Les premières mesures annoncées par le président américain contre son voisin canadien ont fait chuter le cours de l’action de Waga Energy, cotée en Bourse depuis 2021, de moitié avant de revenir près de son niveau initial.
Dans ce contexte, l’entreprise a annoncé repousser de quelques mois son objectif de 200 millions d’euros de chiffre d’affaires et de 4 térawatt-heures (TWH) de capacité installée, assurant maintenir son ambition de 400 millions d’euros de chiffres d’affaires récurrents d’ici à fin 2026. Un dynamisme qui sera fortement lié à son déploiement en Amérique du Nord.
L’Amérique du Nord, un marché profond
Sur les 30 « Wagabox » – ces unités de production de biométhane – déjà installées par la PME, la production nord-américaine représente à elle seule près de la moitié (49%) de la capacité de production, estimée à 1,4 TWh. Et à l’avenir, leur poids devrait largement dominer. Sur les 19 projets en cours de construction, les capacités de production en Amérique du Nord représenteront près de 89% de la production attendue (1,8 TWh).
« Aujourd’hui, 40% du chiffre d’affaires de Waga Energy provient de la production nord-américaine. Mais vu les unités en cours de construction, dès que nous passerons à une phase d’exploitation, le centre de gravité de génération du chiffre d’affaires se décalera fortement en Amérique du Nord », admet Mathieu Lefebvre, co-fondateur et PDG de l’entreprise.
La force de ce marché réside dans sa profondeur. « Il faut savoir que l’essentiel des déchets aux États-Unis vont dans des sites de stockage. Le territoire en compte 2.700 », rappelle le PDG de Waga Energy. Sans compter que cette production serait croissante, selon lui. Ce qui laisse présager un fort potentiel de développement pour l’entreprise. Ce, malgré une concurrence forte.
Trump, une incertitude à court terme
Malgré ces éléments, le peu de cas que Donald Trump fait des énergies renouvelables, et sa guerre commerciale contre l’Europe, pourraient-ils freiner ses ambitions ? Pas à moyen et long terme, assure Mathieu Lefebvre, car si le gaz de schiste permet de proposer des tarifs attractifs, certains États et même des entreprises voient un intérêt dans le caractère durable et local du biométhane.
Ainsi, « la Californie [plusieurs contrats ont été signés dans l’Etat], l’Oregon, l’état de Washington, se sont donné des objectifs d’incorporation de gaz renouvelable, un peu comme l’Europe et indépendamment de l’État fédéral », détaille-t-il. Certains industriels comme les GAFAM dont la consommation énergétique des data centers flambe, pourraient aussi y voir une énergie intéressante.

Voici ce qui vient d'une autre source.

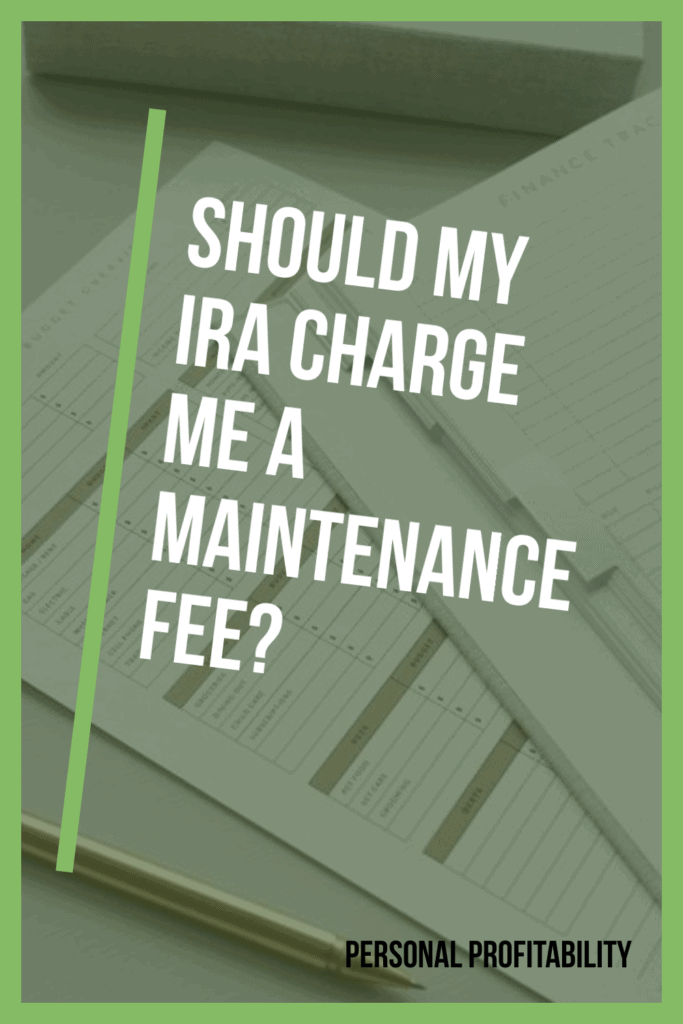 IRA retirement account fees- PersonalProfitability.com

Quant à l’éventuelle augmentation des droits de douane, à hauteur de 25%, le PDG minimise l’impact, indiquant que 30% de la production des Wagabox est effectuée respectivement au Canada et en France.

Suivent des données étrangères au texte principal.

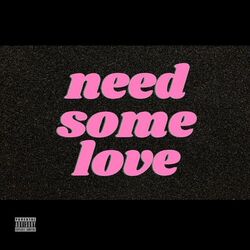 Cover of Need Some Love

« 25% de droits de lois sur 30% du périmètre […] avec un taux de change qui a évolué dans le bon sens, constituent un impact de 5 à 6% sur le capex (dépenses d’investissement, ndlr). On travaille à regarder les alternatives, on est dans l’optimisation des coûts », résume-t-il, plutôt confiant.
Grâce à une fabrication standardisée par des sous-traitants, Waga Energy bénéfice d’une certaine flexibilité concernant la production de ses unités, pouvant ainsi la déplacer ou la renforcer dans certaines géographies, au besoin. A l’exception de la partie distillation cryogénique qui a vocation à rester en France.
223 millions d’euros sécurisés
Néanmoins, l’Amérique du Nord n’est pas le seul objectif de la société. Déjà implantée en Espagne et en Italie, Waga Energy cible aussi l’Amérique du Sud. Elle vient d’annoncer l’ouverture d’un bureau au Brésil et regarde aussi de près le Mexique et la Colombie.
En attendant, l’entreprise iséroise a réussi à sécuriser 223 millions d’euros l’an dernier – une partie sur les marchés et l’autre en dette – mais aussi 24 millions d’euros depuis le début de l’année 2025. Ce qui lui laisse les coudées franches pour poursuivre son développement.